I premi assicurativi sono stati trattati come fringe benefit
In passato, i premi assicurativi sono stati trattati fiscalmente come fringe benefit ai sensi dell’articolo 51, comma 3, del Tuir. L’ente riteneva però che, per i lavoratori all’estero, tali somme dovessero essere escluse dall’imponibile in quanto assimilabili a contributi previdenziali e assistenziali obbligatori. Richiamando l’articolo 51, comma 2, lettera a) dello stesso Tuir.
Il principio di onnicomprensività
L’Agenzia ha ricordato che l’articolo 51, comma 1, del Tuir stabilisce un principio chiaro: costituisce reddito di lavoro dipendente qualsiasi somma o valore percepito in relazione al rapporto di lavoro. A prescindere dalla forma in cui viene erogato e anche se corrisposto a titolo gratuito. Le deroghe a questo principio sono tassative e riguardano soltanto i contributi previdenziali e assistenziali versati per obbligo di legge. Finalizzati a garantire prestazioni sociali e non semplici coperture assicurative private.

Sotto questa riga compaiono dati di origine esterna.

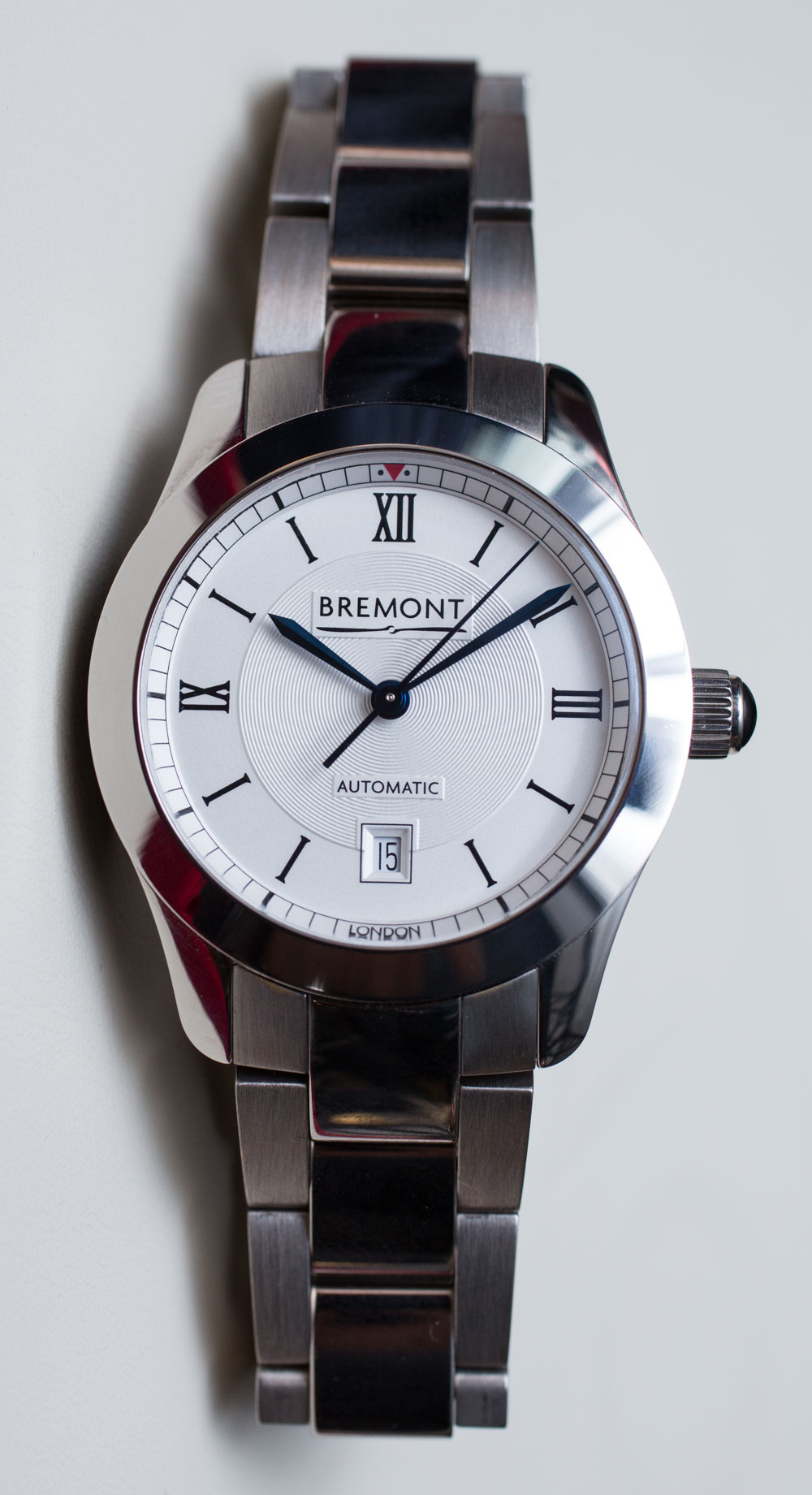 Bremont-solo-32-watch-6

Perché la polizza è tassabile
Analizzando la normativa e la prassi, l’Agenzia ha escluso che la polizza sanitaria in questione possa beneficiare delle eccezioni previste dal Tuir. Il premio assicurativo non può essere considerato un contributo assistenziale, poiché manca la finalità di solidarietà collettiva rivolta a soggetti in stato di bisogno, come specificato nella circolare n. 326/1997. Allo stesso modo, non rientra tra i contributi previdenziali, poiché non garantisce prestazioni obbligatorie per legge, ma si limita a fornire un servizio assicurativo a tutela della salute del dipendente e dei suoi familiari.

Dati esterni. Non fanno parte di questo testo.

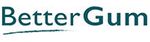 BetterGum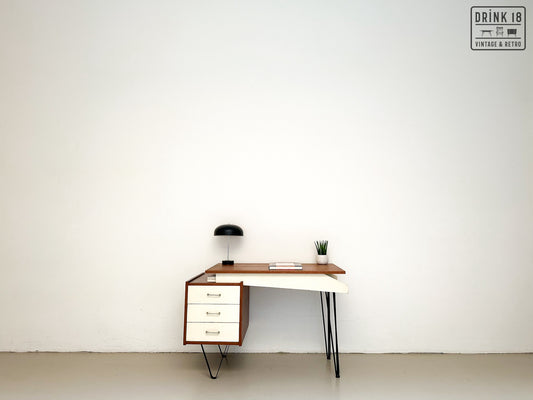 Hairpin Bureau - Cees Braakman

Il premio corrisposto dall’ente concorre alla formazione del reddito
Di conseguenza, il premio corrisposto dall’ente, anche quando sia previsto dallo Statuto e obbligatorio per i dipendenti in servizio all’estero, concorre alla formazione del reddito di lavoro dipendente secondo le regole stabilite dall’articolo 51, comma 1, del Tuir.
Il chiarimento dell’Agenzia delle Entrate rafforza l’orientamento secondo cui le polizze sanitarie stipulate dal datore di lavoro. Anche in presenza di obblighi statutari e in contesti privi di assistenza pubblica. Devono essere considerate parte integrante della retribuzione e quindi soggette a tassazione ordinaria.